Task description:
Beginning at the line containing "Maria shaping a tall clay sculpture by hand" and continuing to the end of the records below, give each line again exactly as it stands, and only those lines.

Crawled caption data
=-=-=-=-=
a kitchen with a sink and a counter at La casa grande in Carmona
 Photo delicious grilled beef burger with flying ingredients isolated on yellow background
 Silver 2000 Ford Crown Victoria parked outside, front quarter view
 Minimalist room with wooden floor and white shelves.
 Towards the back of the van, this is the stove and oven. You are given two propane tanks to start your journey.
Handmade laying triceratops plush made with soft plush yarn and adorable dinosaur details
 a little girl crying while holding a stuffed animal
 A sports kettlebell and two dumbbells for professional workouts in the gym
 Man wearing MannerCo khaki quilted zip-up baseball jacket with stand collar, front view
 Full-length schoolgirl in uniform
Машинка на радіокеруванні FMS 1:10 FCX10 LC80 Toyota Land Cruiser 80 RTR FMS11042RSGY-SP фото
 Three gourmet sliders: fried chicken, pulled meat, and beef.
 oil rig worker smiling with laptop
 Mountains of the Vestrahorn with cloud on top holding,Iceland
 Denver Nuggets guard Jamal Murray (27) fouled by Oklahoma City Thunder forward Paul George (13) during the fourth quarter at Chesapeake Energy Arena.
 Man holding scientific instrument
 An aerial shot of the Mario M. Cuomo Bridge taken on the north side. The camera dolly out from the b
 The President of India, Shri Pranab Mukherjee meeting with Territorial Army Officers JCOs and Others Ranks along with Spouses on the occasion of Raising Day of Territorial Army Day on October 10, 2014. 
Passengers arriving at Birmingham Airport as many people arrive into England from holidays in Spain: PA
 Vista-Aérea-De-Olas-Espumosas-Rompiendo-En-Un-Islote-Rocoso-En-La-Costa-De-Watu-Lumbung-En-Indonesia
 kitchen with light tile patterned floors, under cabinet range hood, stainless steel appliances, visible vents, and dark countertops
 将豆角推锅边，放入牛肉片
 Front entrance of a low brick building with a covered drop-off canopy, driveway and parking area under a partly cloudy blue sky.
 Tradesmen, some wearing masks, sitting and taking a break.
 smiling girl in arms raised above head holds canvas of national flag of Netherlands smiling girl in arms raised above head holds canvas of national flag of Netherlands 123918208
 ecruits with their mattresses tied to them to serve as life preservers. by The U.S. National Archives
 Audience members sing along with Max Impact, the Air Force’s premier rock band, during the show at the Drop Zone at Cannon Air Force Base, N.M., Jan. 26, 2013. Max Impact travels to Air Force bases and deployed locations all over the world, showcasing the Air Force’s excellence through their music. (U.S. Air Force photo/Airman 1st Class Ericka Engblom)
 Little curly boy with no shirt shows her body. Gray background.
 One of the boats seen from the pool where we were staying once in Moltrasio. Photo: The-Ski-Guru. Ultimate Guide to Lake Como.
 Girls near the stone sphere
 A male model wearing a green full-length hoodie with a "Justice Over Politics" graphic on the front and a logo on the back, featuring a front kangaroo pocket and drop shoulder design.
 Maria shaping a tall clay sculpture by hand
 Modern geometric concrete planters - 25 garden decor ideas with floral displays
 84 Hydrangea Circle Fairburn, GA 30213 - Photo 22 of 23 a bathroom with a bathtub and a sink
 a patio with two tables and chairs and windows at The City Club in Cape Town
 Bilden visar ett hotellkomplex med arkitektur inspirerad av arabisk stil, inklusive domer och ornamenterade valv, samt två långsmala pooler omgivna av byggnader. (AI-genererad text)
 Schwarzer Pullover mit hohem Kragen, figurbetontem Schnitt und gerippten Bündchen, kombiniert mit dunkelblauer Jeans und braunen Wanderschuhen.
=-=-=-=-=
Solution to this task:
 Maria shaping a tall clay sculpture by hand
 Modern geometric concrete planters - 25 garden decor ideas with floral displays
 84 Hydrangea Circle Fairburn, GA 30213 - Photo 22 of 23 a bathroom with a bathtub and a sink
 a patio with two tables and chairs and windows at The City Club in Cape Town
 Bilden visar ett hotellkomplex med arkitektur inspirerad av arabisk stil, inklusive domer och ornamenterade valv, samt två långsmala pooler omgivna av byggnader. (AI-genererad text)
 Schwarzer Pullover mit hohem Kragen, figurbetontem Schnitt und gerippten Bündchen, kombiniert mit dunkelblauer Jeans und braunen Wanderschuhen.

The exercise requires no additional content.